CHAPTER XIV. — ITALY
Hawthorne went to Italy as naturally as the salmon ascends the rivers in spring. His artistic instinct drew him thither as the original home of modern art and literature, and perhaps also his interest in the Latin language, the single study which he cared for in boyhood. Does not romance come originally from Roma,—as well as Romulus? He wished to stand where Cæsar stood, to behold the snowy Soracte of Horace, and to read Virgil’s description of an Italian night on Italian ground. It is noticeable that he cared little or nothing for the splendors of Paris, the glittering peaks of Switzerland, medical-musical Vienna, or the grand scholarship and homely sweetness of old Germany.
Of all the Anglo-Saxon writers who have celebrated Italy, Byron, Shelley, Rogers, Ruskin and the two Brownings, none were more admirably equipped for it than Hawthorne.
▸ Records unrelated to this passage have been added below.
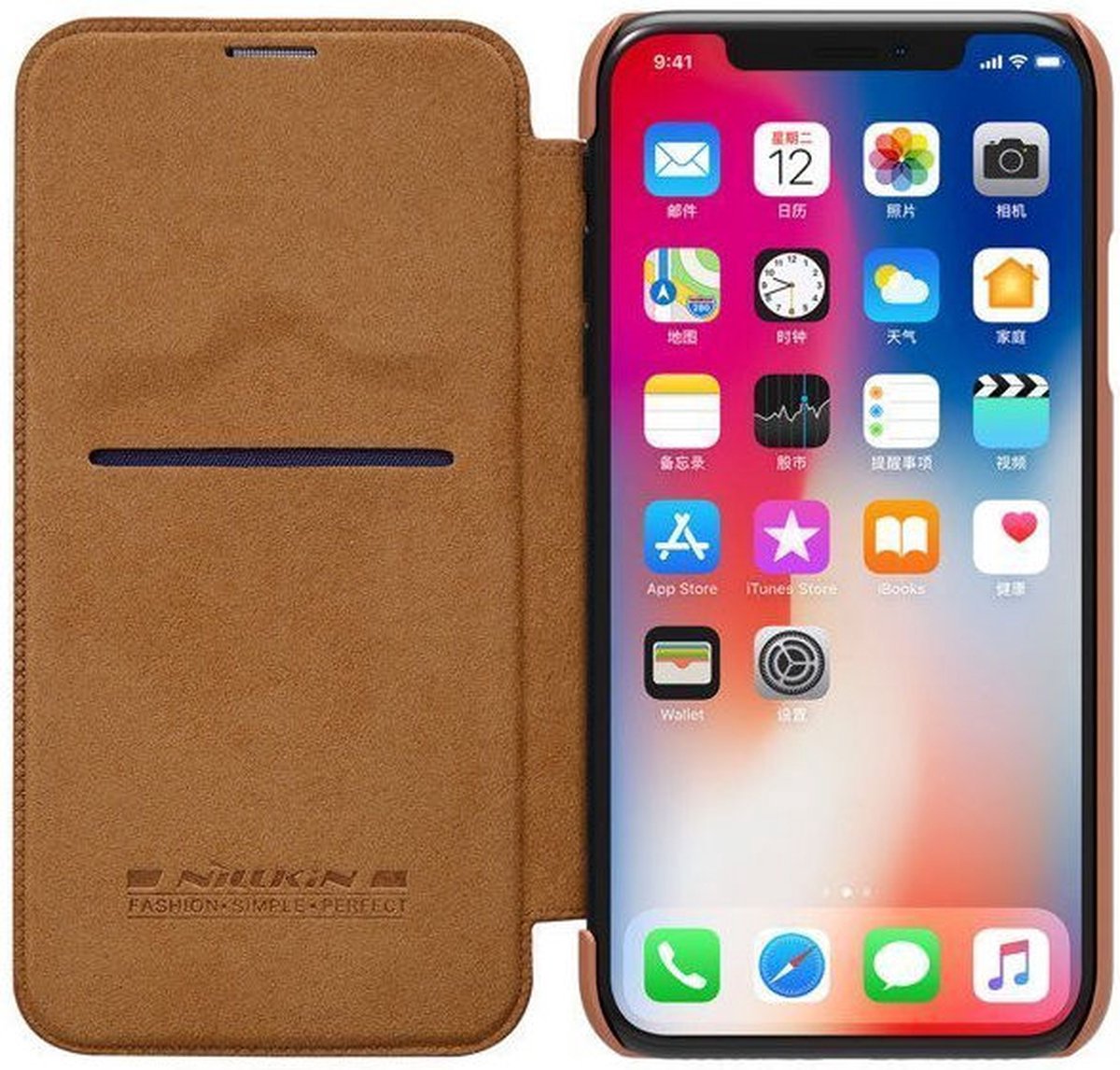 Hoesje geschikt voor iPhone 11 Pro - Qin Leather Case - Flip Cover - Bruin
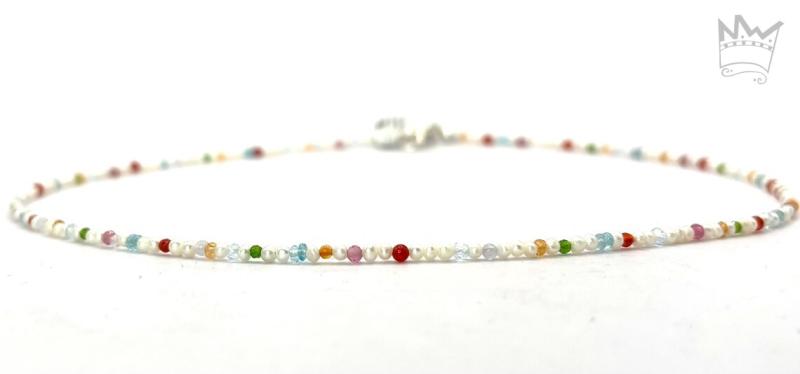 Feine, bunte Perlenkette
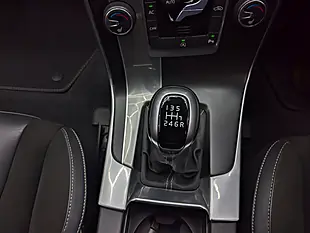 Used 2017 Volvo S60 R-Design Nav Ice White - Interior and Exterior details 13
We cannot read “The Romance of Monte Beni” without recognizing a decidedly Italian element in his composition,—not the light-hearted, subtle, elastic, fiery Italian, such as we are accustomed to think them, but the tenderly feeling, terribly earnest Tuscan, like Dante and Savonarola. The myrtle and the cypress are both emblematic of Italian character, and there was more of the latter than the former, though something of either, in Hawthorne’s own make-up.
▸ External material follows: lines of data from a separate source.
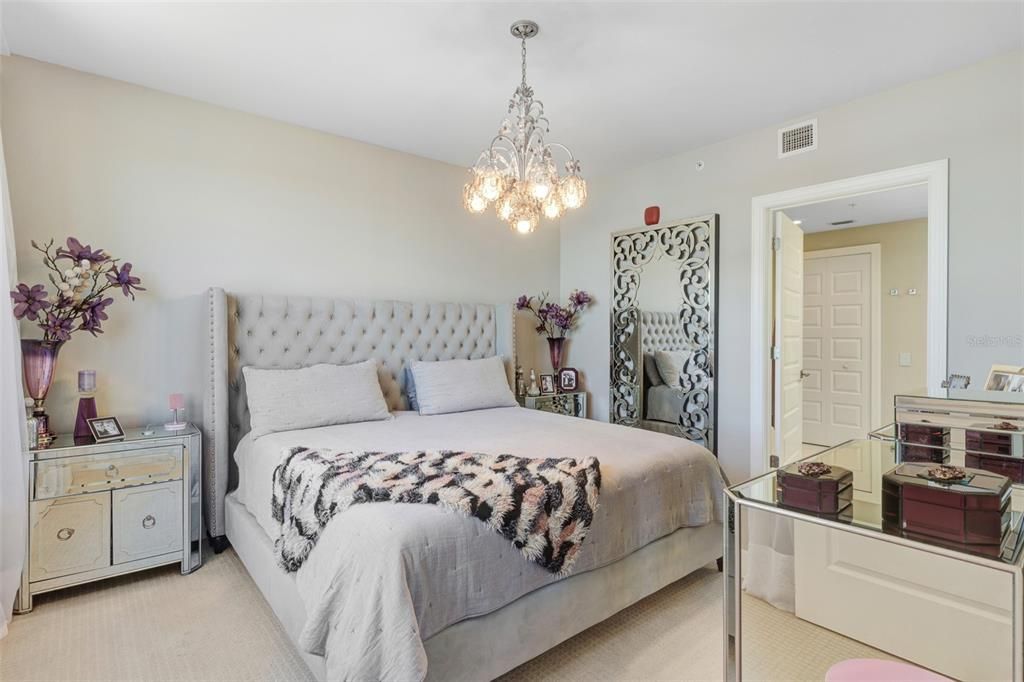 For Sale: $469,999 (3 beds, 3 baths, 1568 Square Feet)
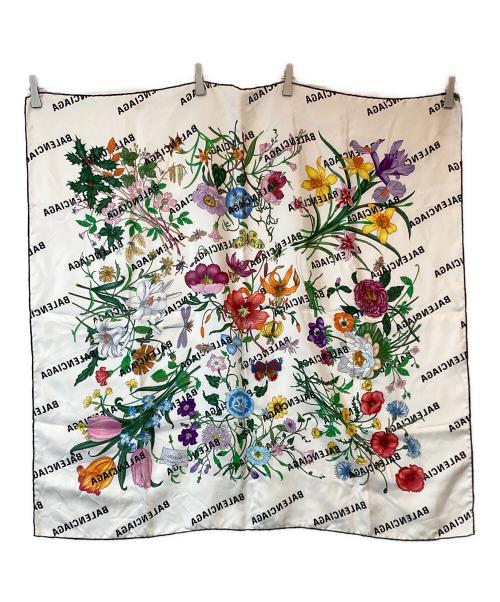 GUCCI（グッチ）GUCCI (グッチ) BALENCIAGA (バレンシアガ) ザ ハッカー プロジェクト フローラ プリント シルク スカーフ ホワイトの古着・服飾アイテム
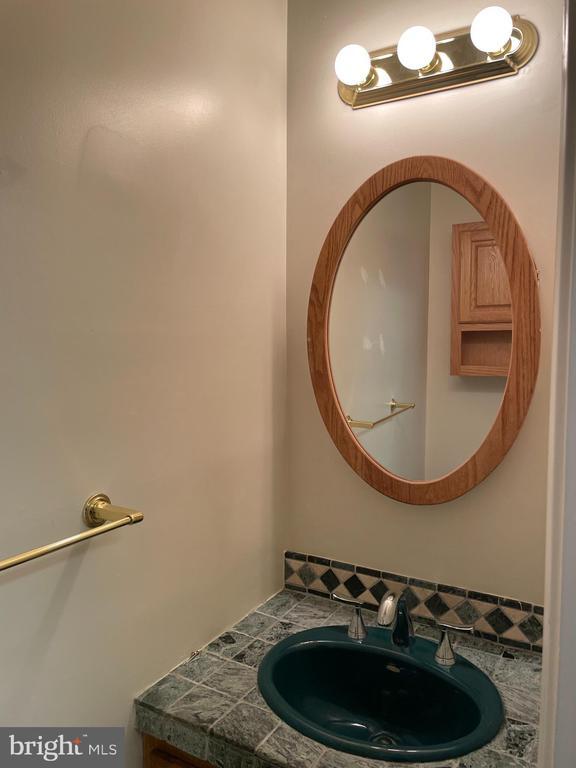 Building Photo - 7140 Westfield Ct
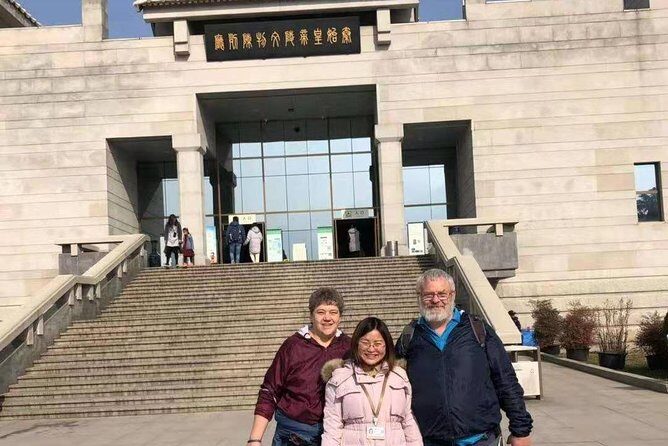 Group Bus Tour to Terracotta Warriors with Hotel Pickup & Lunch - Lunch on a Bus Tour Schedule: Included, Convenient, Not Always Gourmet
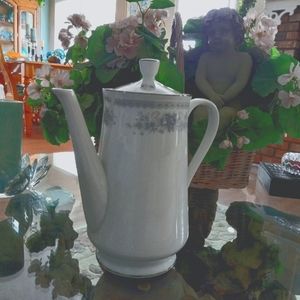 Christine Diane Teapot pristine condition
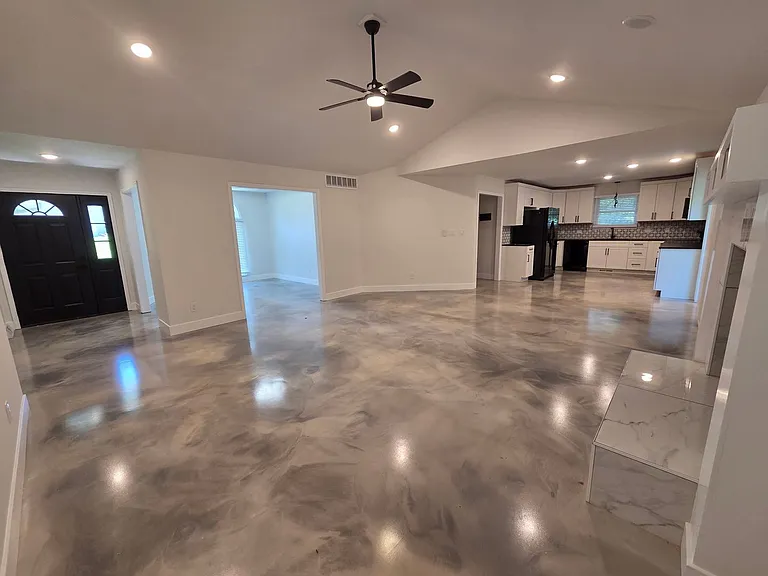 2301 Grant Ln — Photo 11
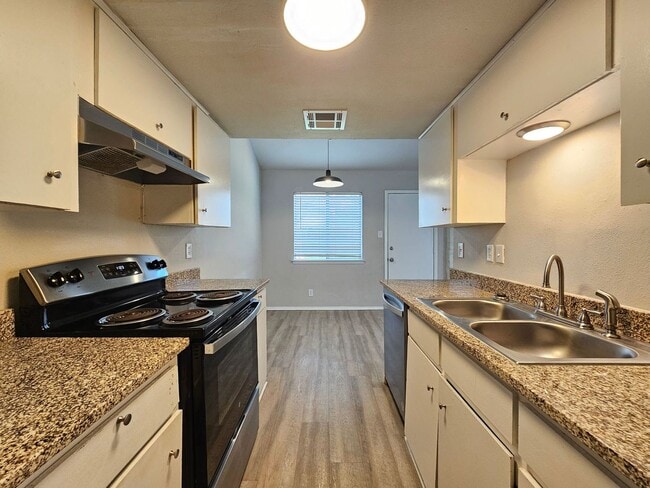 Foto del edificio - 3106 Trenton Dr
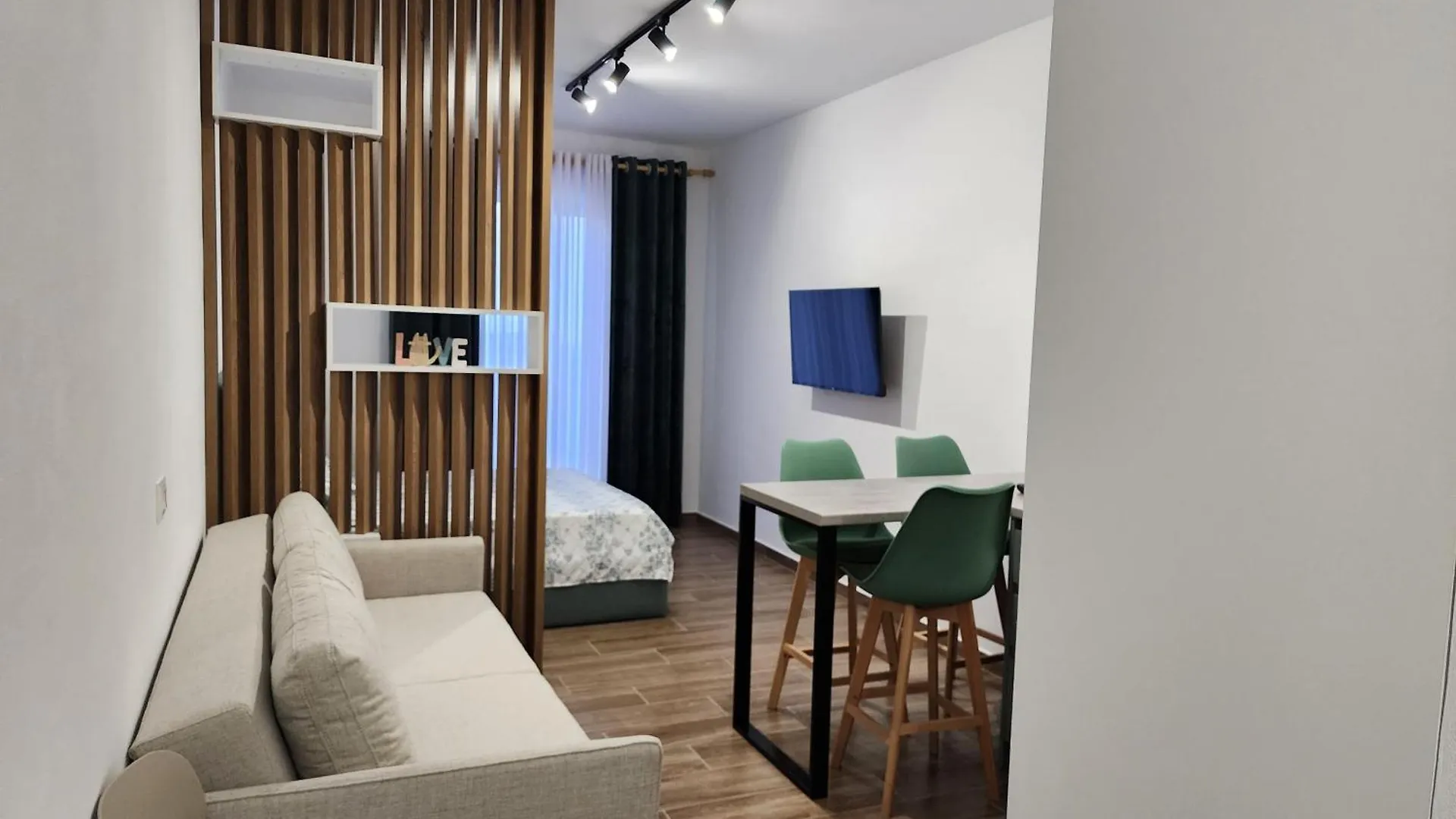 Bright Apartment Steps From The Shore Qerret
The Hawthornes left London on January 6, and, reaching Paris the following day, they made themselves comfortable at the Hotel du Louvre. However, they only remained there one week, during which it was so cold that they saw little and enjoyed little. They went to Notre Dame, the Louvre, the Madeleine, and the Champs Elysees, but without being greatly impressed by what they beheld. Hawthorne does not mention a single painting or statue among the art treasures of the Louvre, which if rivalled elsewhere are certainly unsurpassed; but Hawthorne began his studies in this line by an examination of the drawings of the old masters, and confesses that he was afterward too much fatigued to appreciate their finished paintings.